How do you know you know?
Do you come to it via the yes?
Or do you come to it via the no?
Grasping richness through negation is a dance on the edge of play. To learn flight by falling. To savour light through the darkness. To side-step, shift, duck, and fumble. It could be by choice, in which case it really might be play. It could be at wit’s end, in which case the dance might be a child of grief, looking the other way. Coming to know, coming to – arriving by way of the via-not – this approach is provoked in its paradoxically fragile and fierce state by metaphysical poet John Donne in “Negative Love”:
“If that be simply perfectest
Which can by no way be exprest
But Negatives, my love is so.
To All, which all love, I say no.”[2]
The finitely knowable is made cheap, banal and perverse, irretrievably open to exploitation and ransom. Love, as in Donne’s poem, and play, in its most beautiful forms, doesn’t know it is what it is, doesn’t assert itself in its own name, and doesn’t present a catalogue of traits or prescriptive actions that are satisfied by execution and acknowledgement. It is content in itself without need of performance or proof, elusive in its revealing by way of not-that, irrepressibly made external because of its internal integrity – and, through that same elusive quality that cannot be so simply distilled, completely whole.
Donne returns to this principle of a visible love, through a subject’s concern for how their love looks to others, in “A Lecture Upon the Shadow”, where he writes:
“That love hath not attain’d the highest degree,
Which is still diligent lest others see.”[3]
A constant tension between visibility and invisibility, performance and eclipse, certainty and validation. In a person’s diligent concealment that is rooted in shame, and in a performative exaggeration rooted in uncertainty, love, like play, loses its essence. In attending primarily to its own awareness, it is already lost to that limited notion of itself.
Or, as Jeremy Fernando wrote in “On Love and Poetry—Or, Where Philosophers Fear to Tread”: “For if the mystery of the other is unveiled, then the love for the other person is also a completely transparent love: one that you can know thoroughly, calculate; a check-list.
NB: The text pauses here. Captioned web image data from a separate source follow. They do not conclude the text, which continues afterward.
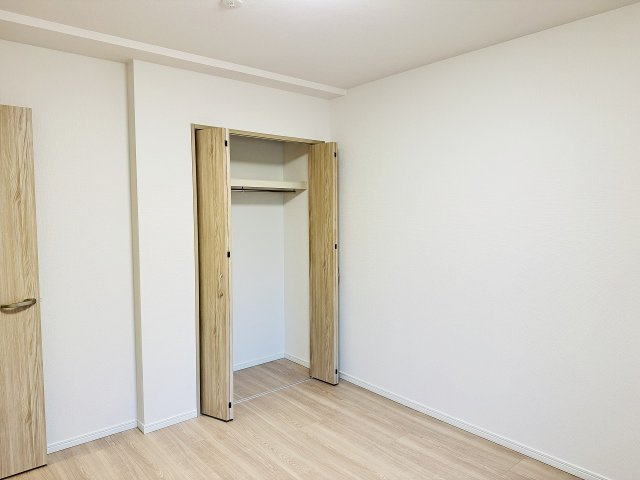 ～収納力の高いクローゼット完備～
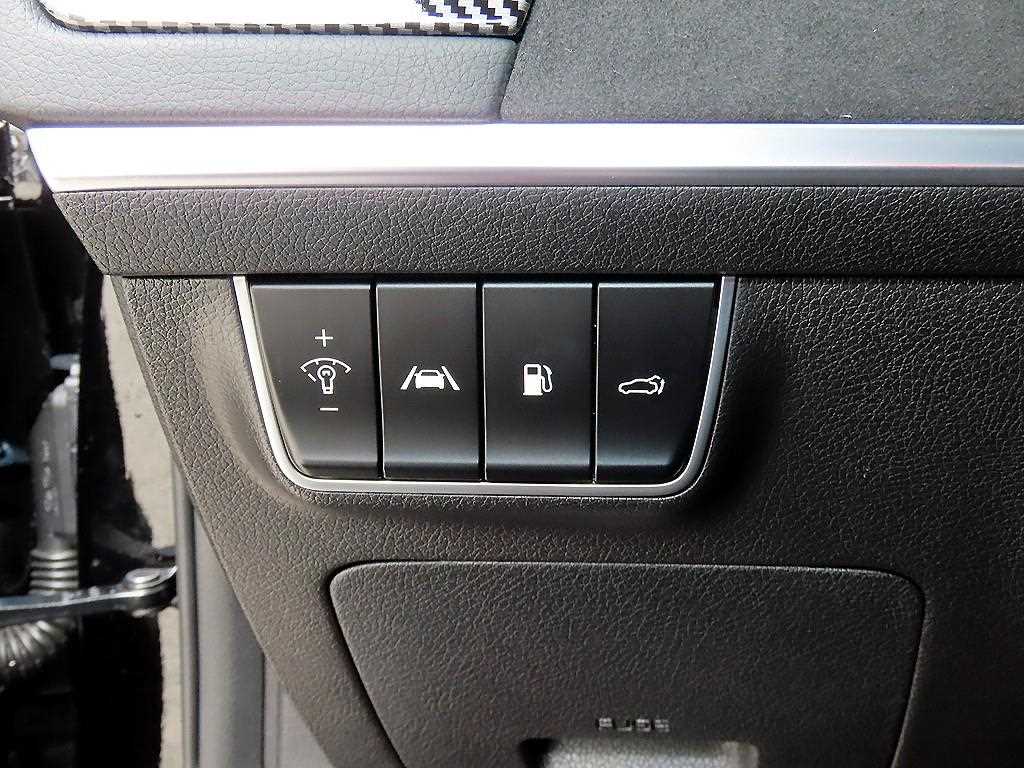 Kia Stinger — photo 12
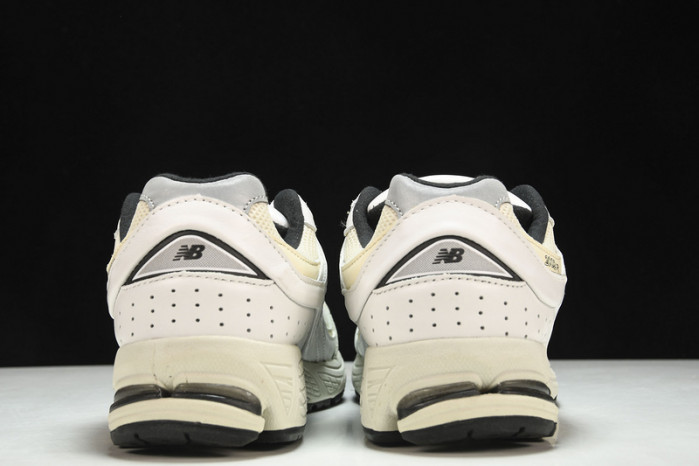 new Ba1an*e yeeshoes  ml2002rq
And if they are knowable, this suggests that they can also be negated, and hence, the love can also go away. Only when the love for the other person is an enigmatic one, one that cannot be understood, can that love potentially be an event—and if it is an event then strictly speaking, it cannot be known before it happens; at best, it can be glimpsed as it is happening, or perhaps even only realised retrospectively.”[4]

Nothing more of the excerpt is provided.